À hora, achei que, se me contava, contava também com o que eu havia de achar e
dizer sobre tal coisa. Novamente, ledo engano... Não sei mais sobre sua (não)
relação.
Ela
então me relata como haviam decidido que eles tinham agora um
"relacionamento aberto"; ela, que nunca quis um "relacionamento
fechado" com ele, sugere-lhe que permaneçam se relacionando com quem e da
maneira que quiserem. Ele não concorda até que, ela me diz, ele fica com outra
mulher. Daí eles acertam que podem fazer isso o quanto quiserem, contanto que
ela mantenha segredo sobre isso para ele.
O
dia que ele me riscou o tórax, ele também o faria nela. No entanto, assim que
acabamos, entre risos e satisfação, parou de conversar, desbaratinou, e foi
embora silencioso, fechado, e sem riscá-la.
Isso
se repetiu tantas outras vezes, ela me relatou. Passava o tempo com ela falando
ao celular, dormindo, ou monossilábico. Claro, depois de gozar a vida dentro
dela logo que se encontravam.
Ligava
para ela a toda hora e, sempre que estávamos juntas, passava muito mais tempo
do que gostaria ouvindo-o contar ou esperando-a ouvir dele algum causo
emocionante e mortal pelo qual havia passado.
Essa
combinação homúncula parece amarrá-la numa trama de emoções torpes,
estrangeiras e superficiais, engolindo sua possibilidade de autonomia e unidade
para além desse infame relacionamento.
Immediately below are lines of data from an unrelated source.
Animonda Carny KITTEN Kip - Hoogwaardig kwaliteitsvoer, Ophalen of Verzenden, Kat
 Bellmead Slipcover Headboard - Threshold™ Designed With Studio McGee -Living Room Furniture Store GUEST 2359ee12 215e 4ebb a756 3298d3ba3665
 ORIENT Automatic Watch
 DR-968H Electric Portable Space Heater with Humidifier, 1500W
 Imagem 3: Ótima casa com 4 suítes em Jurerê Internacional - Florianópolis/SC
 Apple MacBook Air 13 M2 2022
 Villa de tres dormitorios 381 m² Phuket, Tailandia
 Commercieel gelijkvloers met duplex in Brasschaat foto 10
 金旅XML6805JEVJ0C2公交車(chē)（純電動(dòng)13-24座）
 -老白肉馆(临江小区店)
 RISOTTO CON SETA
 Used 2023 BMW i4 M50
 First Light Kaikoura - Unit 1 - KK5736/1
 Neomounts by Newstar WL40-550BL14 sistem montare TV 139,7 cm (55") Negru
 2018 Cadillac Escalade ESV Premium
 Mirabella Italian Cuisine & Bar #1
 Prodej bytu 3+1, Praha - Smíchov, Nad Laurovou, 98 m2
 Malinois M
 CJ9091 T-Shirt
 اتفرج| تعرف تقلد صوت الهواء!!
E as coisas boas parecem ser somente o
gozo e a perspectiva de uma sensação boa num futuro que um dia há de vir. Ou
não. Uma música toca ao fundo: "a
regra diz para comer na mesa, mas com certeza é mais gostoso comer na
mão!".
Teve
um final de semana que ele ia para a praia visitá-la e não foi porque o
dinheiro não deu. Teve outro que ele ia, mas o carro quebrou. Tiveram vários
finais de semana que ele ia descer a serra, mas o carro quebrou. Teve outro que
ele enfim foi. Mas chegou tarde e foi embora cedo. Teve tempo de fazer só uma
ou outra coisa com ela, e fez sua preferida e dormiu.
Ah!
Têm também todas aquelas vezes que ele não liga para ela, como o prometido e
usual, e ela fica preocupada com sua segurança (ele liga todos os dias, mais de
uma vez, mas quando viaja ou sai com amigos e amigas, não). Daí quando
finalmente se falam, ele lhe diz como passou por uma intempérie tão terrível
que ela quase perde o gatinho dela e que assim, claro, ela não poderia ficar
brava com alguém que passou por um perigo tão grande, mas está tudo bem agora e
eles podem trocar todo o amor que lhes foi impedido antes.
A
gente se vê praticamente todos os dias. Partilhamos nossas vidas em detalhes e,
logo, sua relação com ele é também minha relação com ela. Eu e ele nos falamos
menos. E eu tenho menos paciência, cada vez menos, com as peripécias que não me
deixam mais achá-lo confiável.
Assim
como ela e eu partilhamos a relação em sua origem e mágica, partilho minha nova
opinião, já não tão positiva. Não sei o quanto ela leva-a em consideração, mas
me deixo crer que nada, dado que somente se cala, e permanece me relatando
esses acontecimentos repetidos.
Acontece
que nós desenhamos uma linha muito tênue entre nossas intimidades, o que me faz
participar, até contra minha vontade, de uma relação na qual não escolheria
estar e, ainda por cima, dela tirando somente estes produtos, agora: a fantasia
misteriosa desagradavelmente envolvente, a frustração da exigência, dos
segredos que "devem" ser mantidos, do gozo perdido.
Essa
porra desse "relacionamento aberto" dos infernos atravessa a minha
relação com ela e com ele, de maneira que eu só posso aceitar minha infeliz
posição.
Antes
nós deixássemos somente aos dois, o que supostamente é dos dois.